Aamir
Aamir

Reputation: 15556

How to Split a string with LINQ and get the specified token

I have a tab-delimited string in the following format:

string line = "D\t892270\t88418\t6\t2452927\t-99999\t-99999\t12";

What I want is to get the value of the token specified through indexToGet.

I have written following LINQ query to do this which I am sure can be improved a lot but at the moment I am unable to do so. Can somebody improve this LINQ query for me?

int indexToGet = 7;
var val =
    (from str in line.Split('\t')
    select str).ToArray().GetValue(indexToGet).ToString();

Upvotes: 3

Views: 5055

Answers (2)

Peter Lillevold
Peter Lillevold

Reputation: 33920

Why do you need to use LINQ? The following code solves it without the LINQ overhead:

var val = line.Split('\t')[indexToGet];

Clarification: with the query comprehension syntax you've used there is no way of specifying that you only want an element at a given position. Thus, with LINQ, you will have to rely on the ElementAt extension method.

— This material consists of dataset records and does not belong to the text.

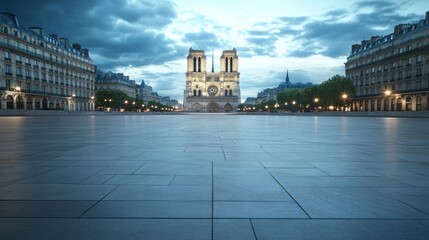 Poster - A serene view of a historic cathedral at dawn, surrounded by empty streets and soft lighting.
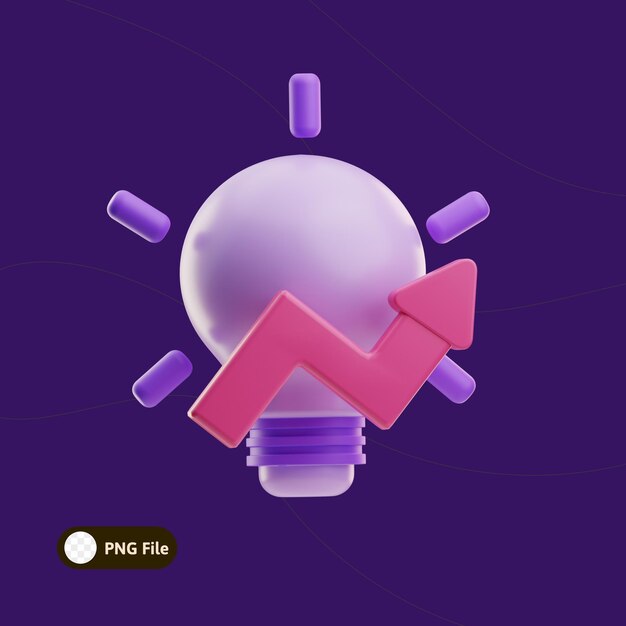 Idea creativa con la flecha de crecimiento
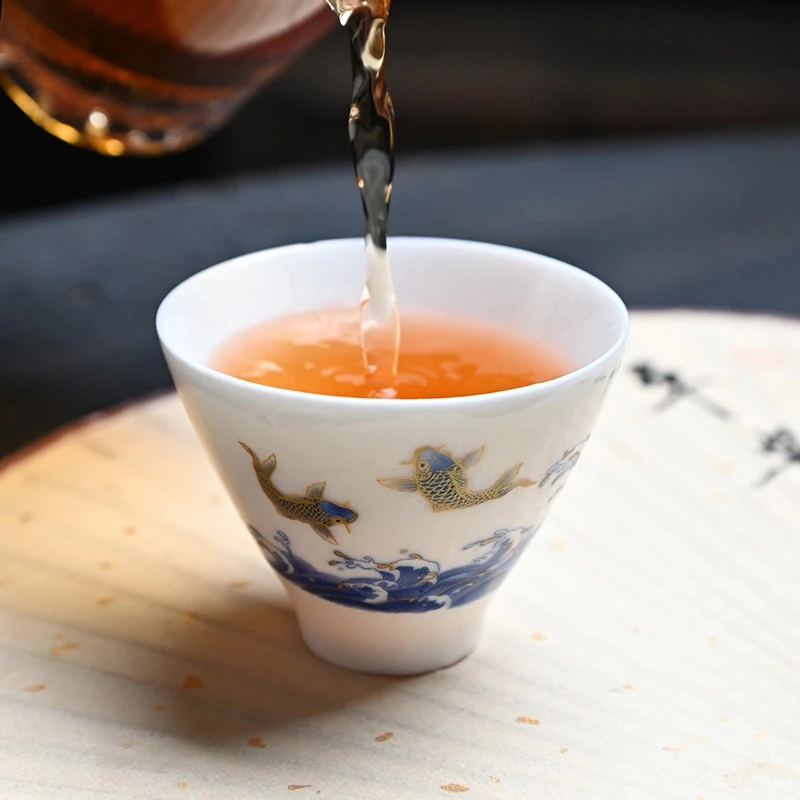 高端海浪斗笠杯白瓷茶杯羊脂玉陶瓷茶杯主人杯品茗杯单个茶杯个人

So the first iteration of reduction you could replace .ToArray().GetValue(indexToGet).ToString(); and get this:

var val =
    (from str in line.Split('\t')
    select str).ElementAt(indexToGet);

Further, since there is no value in the query part other than being fancy (AND making the code harder to read), you could reduce to this:

var val = line.Split('\t').ElementAt(indexToGet);

And next, since ElementAt in this case is indexing into an array, it will be faster to just use the indexer directly:

var val = line.Split('\t')[indexToGet];

Upvotes: 6

Cheng Chen
Cheng Chen

Reputation: 43523

Don't force yourself to use LINQ. Why do you use

(from str in line.Split('\t') select str).ToArray()

instead of

line.Split('\t')

Another place to improve is that don't visit the elements using index directly without checking. You'd better check first to avoid the out of range exception.

And the last, what you get is a string, it's no necessary to call .ToString() again.